→ Exercise
Output the listing below verbatim, without images.
★ ★ ★
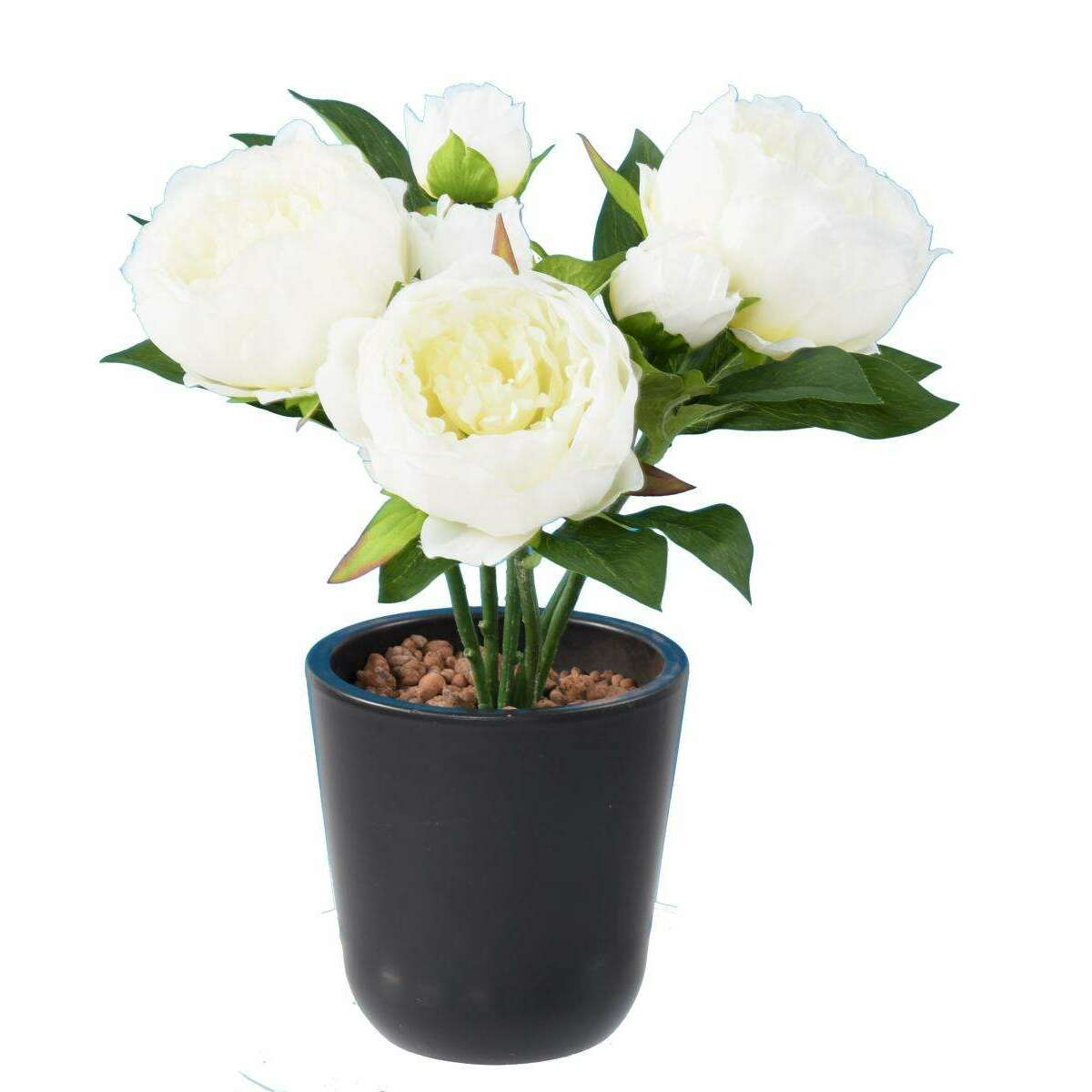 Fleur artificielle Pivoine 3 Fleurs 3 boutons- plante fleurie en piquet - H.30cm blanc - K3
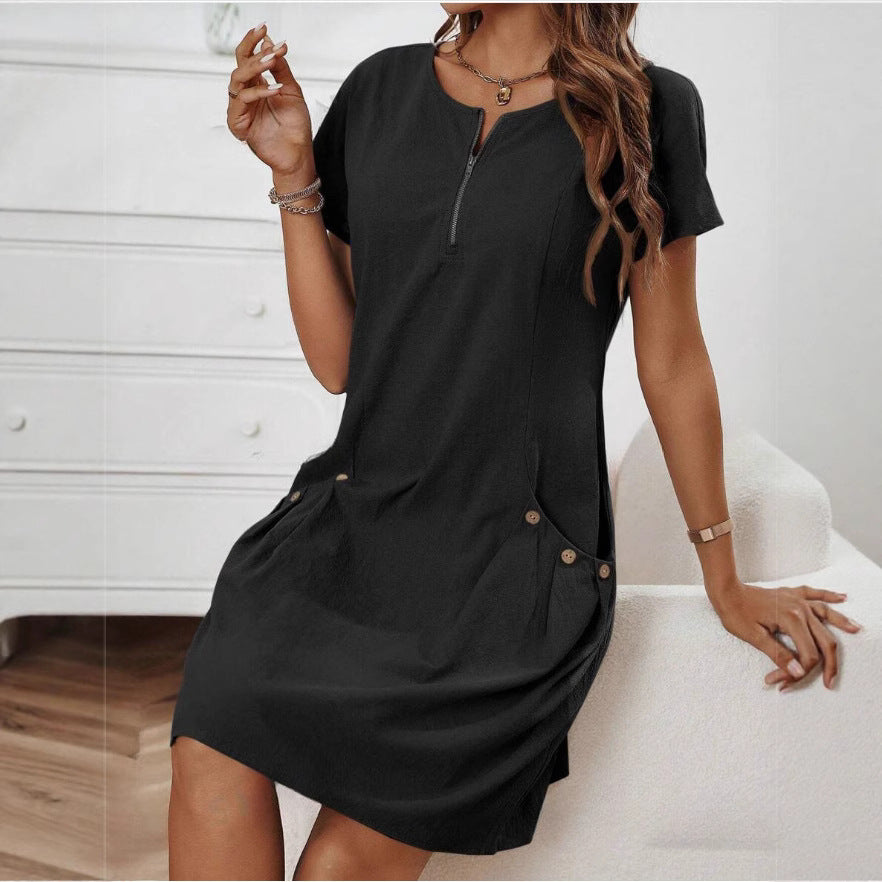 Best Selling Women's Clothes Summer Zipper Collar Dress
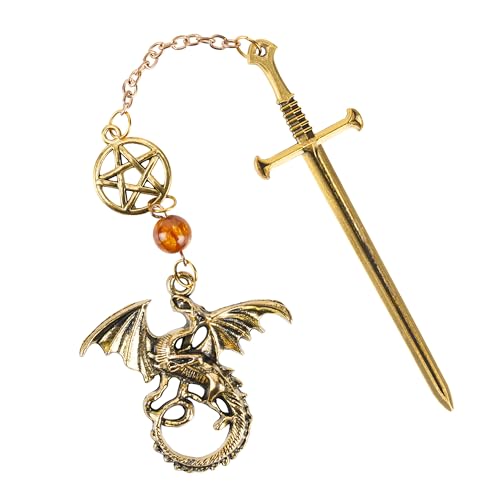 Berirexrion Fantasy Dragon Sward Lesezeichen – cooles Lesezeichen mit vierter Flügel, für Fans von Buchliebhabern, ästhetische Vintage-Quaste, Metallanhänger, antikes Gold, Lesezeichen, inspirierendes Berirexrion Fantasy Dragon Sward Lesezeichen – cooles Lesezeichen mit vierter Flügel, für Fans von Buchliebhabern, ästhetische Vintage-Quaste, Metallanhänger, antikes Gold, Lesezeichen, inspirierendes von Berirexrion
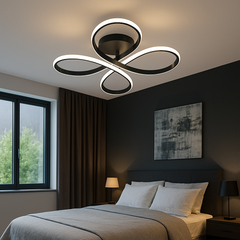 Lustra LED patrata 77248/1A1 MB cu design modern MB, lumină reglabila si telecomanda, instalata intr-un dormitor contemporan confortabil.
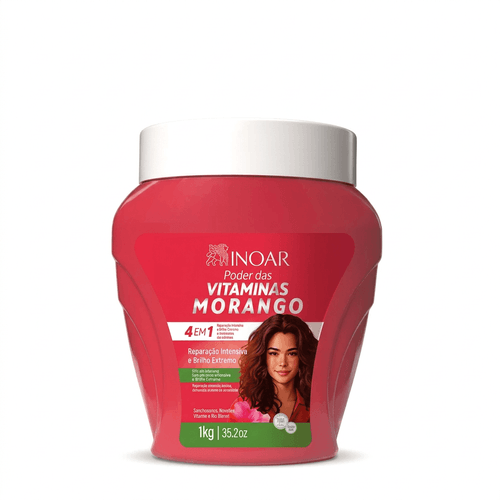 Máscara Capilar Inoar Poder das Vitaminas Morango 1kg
★ ★ ★
→ Finished exercise
 Fleur artificielle Pivoine 3 Fleurs 3 boutons- plante fleurie en piquet - H.30cm blanc - K3
 Best Selling Women's Clothes Summer Zipper Collar Dress
 Berirexrion Fantasy Dragon Sward Lesezeichen – cooles Lesezeichen mit vierter Flügel, für Fans von Buchliebhabern, ästhetische Vintage-Quaste, Metallanhänger, antikes Gold, Lesezeichen, inspirierendes Berirexrion Fantasy Dragon Sward Lesezeichen – cooles Lesezeichen mit vierter Flügel, für Fans von Buchliebhabern, ästhetische Vintage-Quaste, Metallanhänger, antikes Gold, Lesezeichen, inspirierendes von Berirexrion
 Lustra LED patrata 77248/1A1 MB cu design modern MB, lumină reglabila si telecomanda, instalata intr-un dormitor contemporan confortabil.
 Máscara Capilar Inoar Poder das Vitaminas Morango 1kg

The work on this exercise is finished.